**Required work**
Return nothing but the lines from the line containing "Exercise one is" through the last line of the records, reproduced exactly.

[Collected data entries]
= Beginning of Section =

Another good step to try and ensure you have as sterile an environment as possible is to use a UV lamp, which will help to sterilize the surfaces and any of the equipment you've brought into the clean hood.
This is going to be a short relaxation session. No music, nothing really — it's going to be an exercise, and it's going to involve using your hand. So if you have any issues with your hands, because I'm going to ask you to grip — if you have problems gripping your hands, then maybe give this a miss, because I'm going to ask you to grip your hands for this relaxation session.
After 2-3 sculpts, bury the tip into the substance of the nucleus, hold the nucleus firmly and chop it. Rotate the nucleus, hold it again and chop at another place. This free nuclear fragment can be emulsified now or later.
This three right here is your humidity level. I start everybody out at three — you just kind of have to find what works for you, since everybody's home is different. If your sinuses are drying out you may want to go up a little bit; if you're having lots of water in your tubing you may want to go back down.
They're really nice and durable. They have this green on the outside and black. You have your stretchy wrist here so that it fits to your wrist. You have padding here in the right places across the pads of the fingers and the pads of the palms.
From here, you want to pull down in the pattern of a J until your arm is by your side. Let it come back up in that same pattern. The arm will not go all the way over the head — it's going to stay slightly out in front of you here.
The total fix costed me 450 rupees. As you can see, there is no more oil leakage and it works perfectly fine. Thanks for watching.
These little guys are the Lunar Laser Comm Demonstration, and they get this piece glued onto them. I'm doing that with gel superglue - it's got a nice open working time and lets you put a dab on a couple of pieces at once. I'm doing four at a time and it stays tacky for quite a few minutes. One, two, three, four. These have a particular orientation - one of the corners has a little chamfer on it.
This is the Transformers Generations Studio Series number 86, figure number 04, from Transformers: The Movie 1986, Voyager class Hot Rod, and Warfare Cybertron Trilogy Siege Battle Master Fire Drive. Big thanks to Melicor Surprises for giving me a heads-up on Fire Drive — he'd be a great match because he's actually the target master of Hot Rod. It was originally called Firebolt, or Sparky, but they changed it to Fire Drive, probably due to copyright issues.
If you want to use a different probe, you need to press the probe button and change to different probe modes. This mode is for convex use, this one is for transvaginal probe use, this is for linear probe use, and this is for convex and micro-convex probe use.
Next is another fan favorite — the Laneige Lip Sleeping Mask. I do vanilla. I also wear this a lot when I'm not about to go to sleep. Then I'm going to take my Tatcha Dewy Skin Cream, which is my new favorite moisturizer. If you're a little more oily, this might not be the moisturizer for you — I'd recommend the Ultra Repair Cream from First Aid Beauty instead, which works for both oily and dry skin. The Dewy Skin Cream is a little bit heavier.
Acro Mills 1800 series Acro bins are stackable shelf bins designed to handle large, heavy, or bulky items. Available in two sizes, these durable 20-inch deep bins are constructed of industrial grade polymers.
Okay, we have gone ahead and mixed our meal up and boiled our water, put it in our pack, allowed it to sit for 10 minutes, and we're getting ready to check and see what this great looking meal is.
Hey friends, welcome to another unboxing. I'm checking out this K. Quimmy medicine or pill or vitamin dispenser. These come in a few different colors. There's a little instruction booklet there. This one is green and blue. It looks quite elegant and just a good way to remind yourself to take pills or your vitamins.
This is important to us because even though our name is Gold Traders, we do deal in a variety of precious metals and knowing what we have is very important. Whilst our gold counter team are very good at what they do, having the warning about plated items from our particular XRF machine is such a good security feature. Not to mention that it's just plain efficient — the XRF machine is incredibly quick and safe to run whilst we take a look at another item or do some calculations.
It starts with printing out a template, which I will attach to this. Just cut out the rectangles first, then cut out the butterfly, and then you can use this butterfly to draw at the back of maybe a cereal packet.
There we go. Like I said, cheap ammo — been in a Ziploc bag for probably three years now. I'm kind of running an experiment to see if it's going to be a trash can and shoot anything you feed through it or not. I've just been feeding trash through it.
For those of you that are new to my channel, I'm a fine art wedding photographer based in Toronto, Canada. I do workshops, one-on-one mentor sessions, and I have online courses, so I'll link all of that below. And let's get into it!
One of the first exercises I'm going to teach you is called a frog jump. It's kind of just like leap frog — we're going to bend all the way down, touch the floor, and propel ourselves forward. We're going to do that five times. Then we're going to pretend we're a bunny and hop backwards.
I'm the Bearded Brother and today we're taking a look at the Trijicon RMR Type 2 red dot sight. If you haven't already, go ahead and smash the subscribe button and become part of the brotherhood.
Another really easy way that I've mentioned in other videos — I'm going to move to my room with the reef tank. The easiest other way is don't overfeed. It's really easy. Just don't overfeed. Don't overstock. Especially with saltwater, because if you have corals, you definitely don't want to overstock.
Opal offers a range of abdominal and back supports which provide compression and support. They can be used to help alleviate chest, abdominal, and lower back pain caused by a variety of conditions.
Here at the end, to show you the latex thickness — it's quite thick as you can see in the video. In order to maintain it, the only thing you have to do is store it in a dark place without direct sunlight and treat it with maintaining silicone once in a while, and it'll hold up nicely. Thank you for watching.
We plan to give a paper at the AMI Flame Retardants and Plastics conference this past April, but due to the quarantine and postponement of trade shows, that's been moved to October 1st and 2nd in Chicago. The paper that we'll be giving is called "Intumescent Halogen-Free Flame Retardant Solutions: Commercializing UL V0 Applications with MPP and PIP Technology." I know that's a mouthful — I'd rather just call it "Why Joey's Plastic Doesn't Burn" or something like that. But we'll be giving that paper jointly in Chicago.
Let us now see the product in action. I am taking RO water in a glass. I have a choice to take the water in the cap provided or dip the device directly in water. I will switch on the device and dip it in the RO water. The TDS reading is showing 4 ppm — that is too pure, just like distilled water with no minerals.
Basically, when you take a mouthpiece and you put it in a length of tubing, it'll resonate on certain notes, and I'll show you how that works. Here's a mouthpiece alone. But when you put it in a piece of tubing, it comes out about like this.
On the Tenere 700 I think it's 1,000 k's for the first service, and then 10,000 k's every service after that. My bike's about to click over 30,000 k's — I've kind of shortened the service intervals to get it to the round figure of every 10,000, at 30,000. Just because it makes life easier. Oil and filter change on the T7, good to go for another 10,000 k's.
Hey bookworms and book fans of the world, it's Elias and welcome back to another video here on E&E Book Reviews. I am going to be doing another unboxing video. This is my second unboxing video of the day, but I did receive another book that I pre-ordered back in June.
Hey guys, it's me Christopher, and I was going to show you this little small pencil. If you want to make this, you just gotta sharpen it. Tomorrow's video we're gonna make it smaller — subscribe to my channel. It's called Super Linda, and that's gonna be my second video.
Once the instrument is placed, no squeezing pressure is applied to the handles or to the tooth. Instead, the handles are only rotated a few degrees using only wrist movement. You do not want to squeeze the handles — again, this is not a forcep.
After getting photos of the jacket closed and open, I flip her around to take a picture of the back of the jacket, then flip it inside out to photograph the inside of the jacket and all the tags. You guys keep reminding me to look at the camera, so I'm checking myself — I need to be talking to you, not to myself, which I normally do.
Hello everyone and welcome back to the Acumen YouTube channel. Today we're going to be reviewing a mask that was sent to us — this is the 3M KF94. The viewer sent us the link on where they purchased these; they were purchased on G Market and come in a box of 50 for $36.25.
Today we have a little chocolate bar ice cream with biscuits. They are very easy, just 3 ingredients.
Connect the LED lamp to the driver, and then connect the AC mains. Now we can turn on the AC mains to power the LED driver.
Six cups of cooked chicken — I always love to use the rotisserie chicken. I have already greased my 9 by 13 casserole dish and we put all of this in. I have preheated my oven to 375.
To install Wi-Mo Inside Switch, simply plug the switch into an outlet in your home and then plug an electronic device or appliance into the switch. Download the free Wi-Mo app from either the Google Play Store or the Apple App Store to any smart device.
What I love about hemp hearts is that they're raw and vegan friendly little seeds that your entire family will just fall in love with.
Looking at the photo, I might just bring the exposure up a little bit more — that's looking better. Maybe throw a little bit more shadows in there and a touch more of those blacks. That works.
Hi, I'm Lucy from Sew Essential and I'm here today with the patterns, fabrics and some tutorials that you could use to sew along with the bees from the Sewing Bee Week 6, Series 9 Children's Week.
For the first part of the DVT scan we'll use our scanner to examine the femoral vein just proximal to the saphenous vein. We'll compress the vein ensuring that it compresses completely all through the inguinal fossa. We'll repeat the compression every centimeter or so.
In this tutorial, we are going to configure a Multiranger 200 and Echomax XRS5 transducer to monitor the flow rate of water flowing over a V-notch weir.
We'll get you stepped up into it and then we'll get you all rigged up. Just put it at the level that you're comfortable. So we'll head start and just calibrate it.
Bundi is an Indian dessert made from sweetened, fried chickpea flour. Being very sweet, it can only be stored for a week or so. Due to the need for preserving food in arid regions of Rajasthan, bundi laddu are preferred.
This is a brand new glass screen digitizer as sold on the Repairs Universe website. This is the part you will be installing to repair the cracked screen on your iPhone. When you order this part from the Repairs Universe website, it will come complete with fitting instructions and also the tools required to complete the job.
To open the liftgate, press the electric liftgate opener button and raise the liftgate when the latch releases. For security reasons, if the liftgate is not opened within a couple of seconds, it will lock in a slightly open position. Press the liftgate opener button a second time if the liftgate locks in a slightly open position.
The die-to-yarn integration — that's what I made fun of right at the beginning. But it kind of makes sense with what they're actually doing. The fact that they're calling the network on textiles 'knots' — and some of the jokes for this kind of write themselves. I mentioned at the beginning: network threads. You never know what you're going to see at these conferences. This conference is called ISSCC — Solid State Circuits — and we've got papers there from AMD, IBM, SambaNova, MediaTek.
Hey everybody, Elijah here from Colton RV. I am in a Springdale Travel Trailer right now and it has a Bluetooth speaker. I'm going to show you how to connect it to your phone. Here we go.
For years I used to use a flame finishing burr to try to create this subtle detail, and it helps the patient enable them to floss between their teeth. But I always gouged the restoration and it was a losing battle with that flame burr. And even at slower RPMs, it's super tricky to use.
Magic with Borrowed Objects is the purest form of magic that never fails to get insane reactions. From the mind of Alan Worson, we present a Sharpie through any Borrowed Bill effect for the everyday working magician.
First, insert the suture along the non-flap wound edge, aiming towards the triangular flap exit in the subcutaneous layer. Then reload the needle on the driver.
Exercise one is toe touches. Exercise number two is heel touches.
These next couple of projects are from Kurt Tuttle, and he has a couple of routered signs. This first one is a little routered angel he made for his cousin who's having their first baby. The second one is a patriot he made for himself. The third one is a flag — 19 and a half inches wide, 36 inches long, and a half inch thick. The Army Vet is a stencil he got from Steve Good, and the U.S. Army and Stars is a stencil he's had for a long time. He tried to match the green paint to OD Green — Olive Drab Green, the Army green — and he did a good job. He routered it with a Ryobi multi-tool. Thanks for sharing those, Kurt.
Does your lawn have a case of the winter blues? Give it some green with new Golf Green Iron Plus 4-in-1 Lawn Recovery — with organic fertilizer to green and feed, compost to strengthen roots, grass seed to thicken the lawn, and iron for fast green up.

= End of Section =

**Reply to the exercise**
Exercise one is toe touches. Exercise number two is heel touches.
These next couple of projects are from Kurt Tuttle, and he has a couple of routered signs. This first one is a little routered angel he made for his cousin who's having their first baby. The second one is a patriot he made for himself. The third one is a flag — 19 and a half inches wide, 36 inches long, and a half inch thick. The Army Vet is a stencil he got from Steve Good, and the U.S. Army and Stars is a stencil he's had for a long time. He tried to match the green paint to OD Green — Olive Drab Green, the Army green — and he did a good job. He routered it with a Ryobi multi-tool. Thanks for sharing those, Kurt.
Does your lawn have a case of the winter blues? Give it some green with new Golf Green Iron Plus 4-in-1 Lawn Recovery — with organic fertilizer to green and feed, compost to strengthen roots, grass seed to thicken the lawn, and iron for fast green up.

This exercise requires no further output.